At this point, there should be no further changes to your dataloader script after the PR was accepted.
Please do the following before getting started:
-
Make an account on 🤗's Hub and login. Choose a good password, as you'll need to authenticate your credentials.
-
Join the Indobenchmark initiative here.
- click the "Request to join this org" button in the upper right corner.
-
Make a github account; you can follow instructions to install git here.
Note - your permissions will be set to READ. Please contact an admin in your dataset's github issue to be granted WRITE access; this should be given after your PR is accepted.
You can find the official instructions here. We will provide what you need for the nusantara-datasets hackathon environment.
With your active nusantara
environment, use the following command:
huggingface-cli login
Login with your 🤗 Hub account username and password.
Make a repository via the 🤗 Hub here with the following details.
- Set Owner: nusantara-datasets
- Set Dataset name: the name of the dataset
- Set License: the license that applies to this dataset
- Select Private
- Click
Create dataset
Please name your dataloading script with the same name as the dataset. For example, if your dataset loader script is called absa_prosa.py
, then your dataset name should be absa_prosa
.
If there is no appropriate license available in the provided options (for example for datasets with specific data user agreements) you should select "other".
Using terminal access, find a location to place your github repository. In this location, use the following command:
git clone https://huggingface.co/datasets/indobenchmark/<your_dataset_name>
Run the following commands to add and push your work.
git add <your_file_name.py> # add the dataset
git commit -m "Adds <your_dataset_name>"
git push origin
Run the following command in a folder that does not include your data-loading script:
Test both the original dataset schema/config and the nusantara schema/config.
Public Dataset
from datasets import load_dataset
dataset_orig = load_dataset("indobenchmark/<your_dataset_name>", name="source", use_auth_token=True)

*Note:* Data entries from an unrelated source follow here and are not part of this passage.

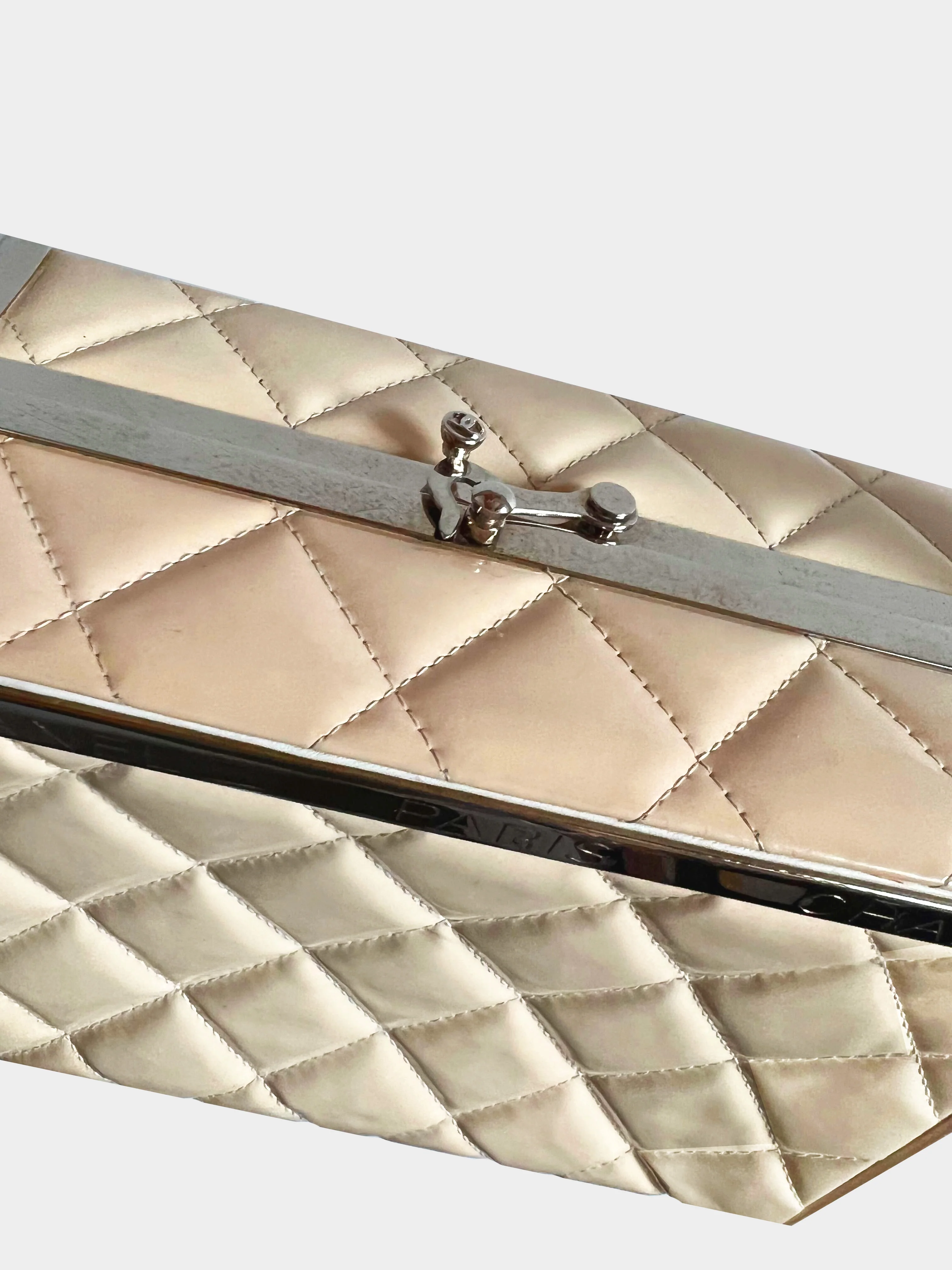 Chanel 1990s Cream Quilted Vanity Bag - Image 4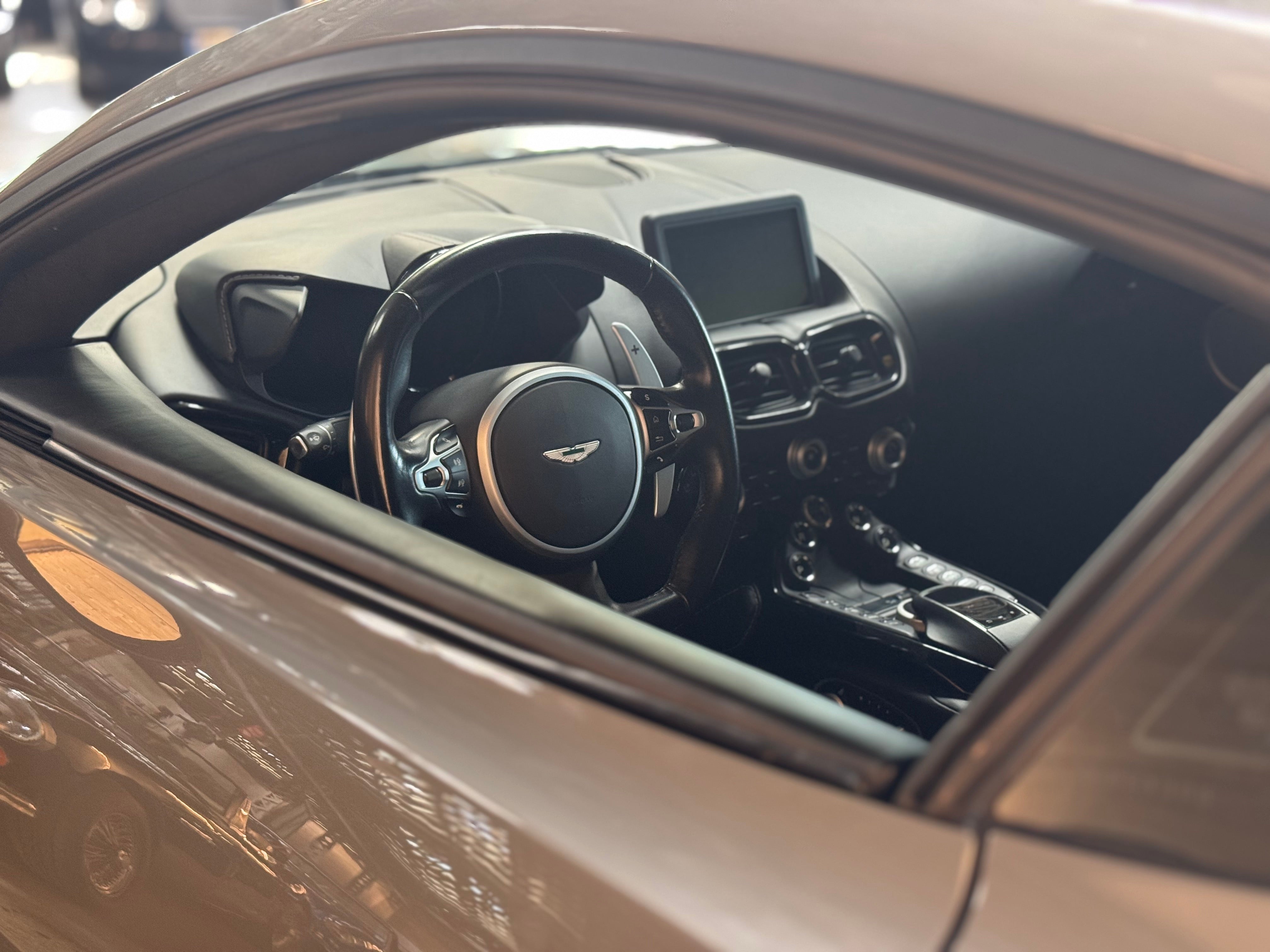 Aston Martin Vantage Coupe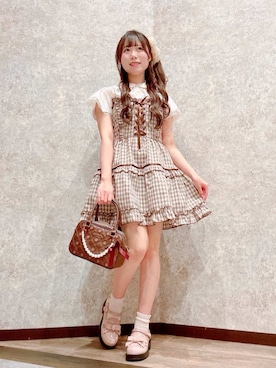 「axes femme（アクシーズファム）のチャーム付ローズキルトバッグ（ボストンバッグ、ブラウン系）」を使った、axes femmeさん（レディース・165cm）の夏コーディネート
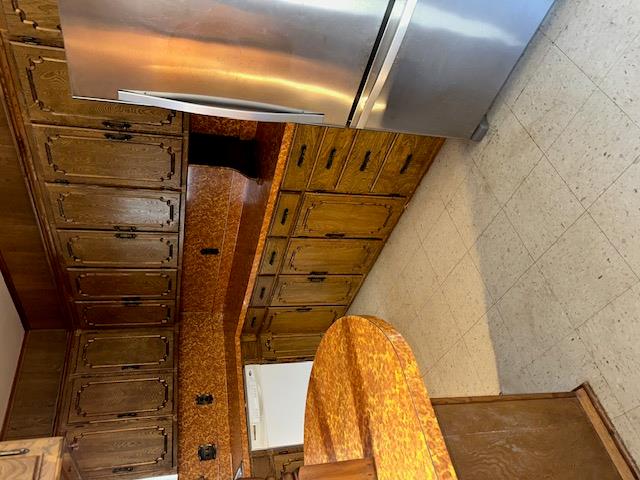 110 N Bailey Property Photo 9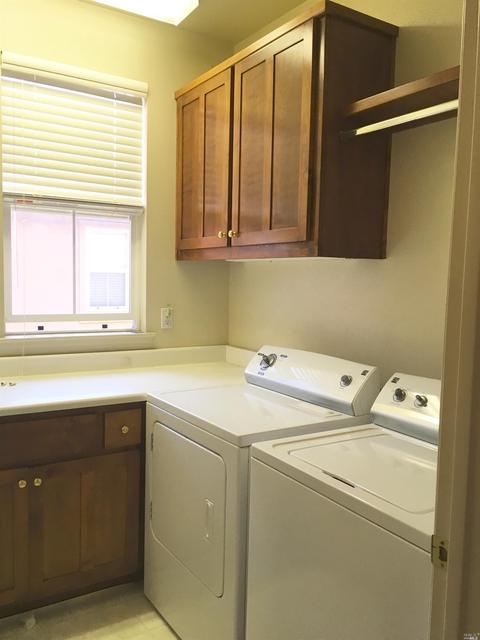 8315 Montiglio Ct, Vallejo, CA 94591 photo 9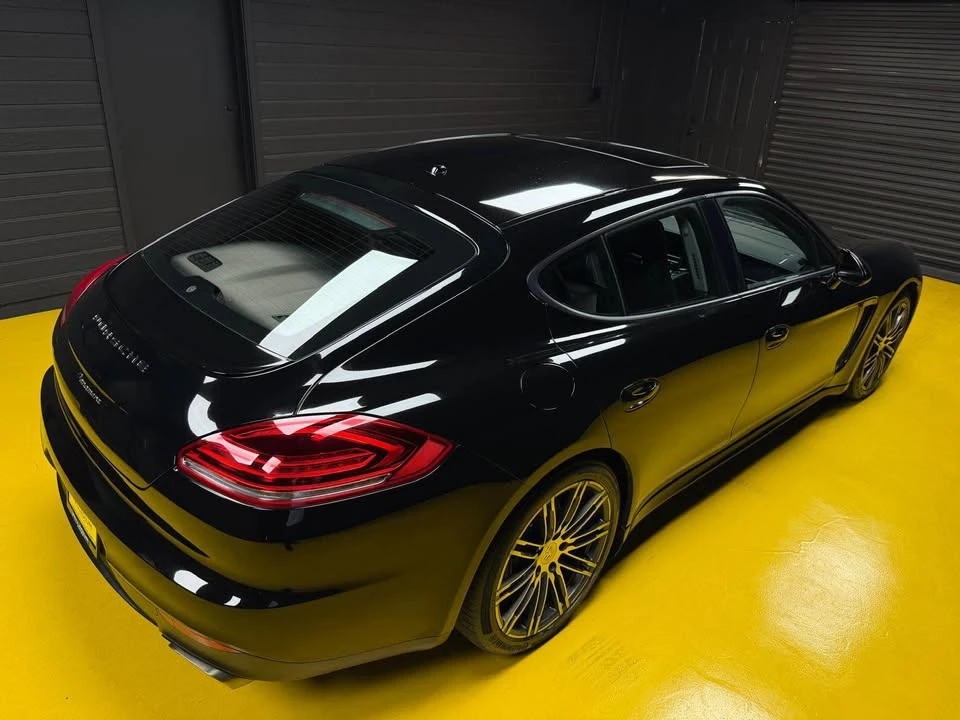 2015 Porsche 970 Panamera - Image 17 of 20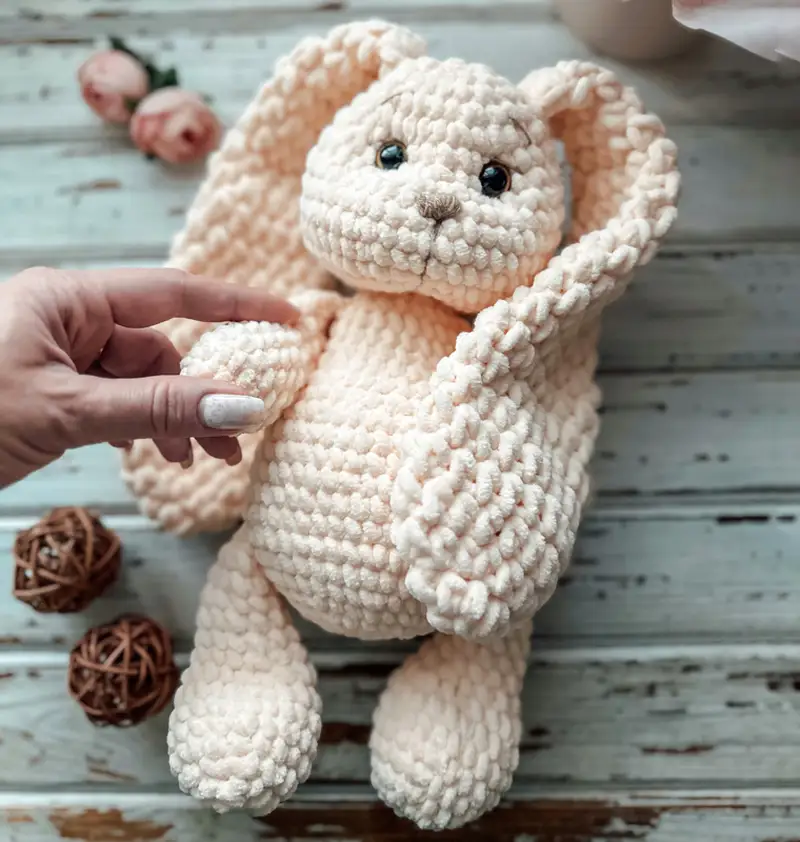 Free Beginner Friendly crochet pattern: Bunny Amigurumi Pattern - Easy to follow tutorial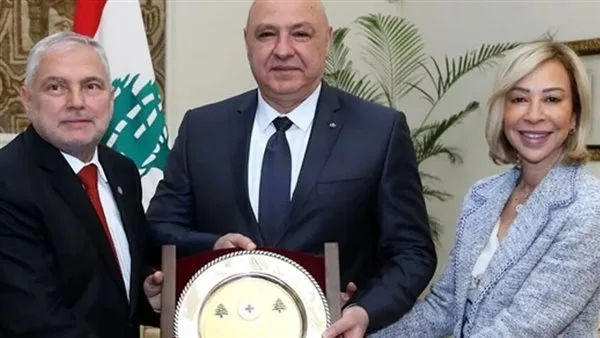 الرئيس اللبناني يتبرع براتبه للصليب الأحمر الرئيس اللبناني يتبرع براتبه للصليب الأحمر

dataset_indobenchmark= load_dataset("indobenchmark/<your_dataset_name>", name="indobenchmark", use_auth_token=True)
Private Dataset
from datasets import load_dataset
dataset_orig = load_dataset(
"indobenchmark/<your_dataset_name>",
name="source",
data_dir="/local/path/to/data/files",
use_auth_token=True)
dataset_indobenchmark = load_dataset(
"indobenchmark/<your_dataset_name>",
name="indobenchmark",
data_dir="/local/path/to/data/files",
use_auth_token=True)
And with that, you have successfully contributed a data-loading script!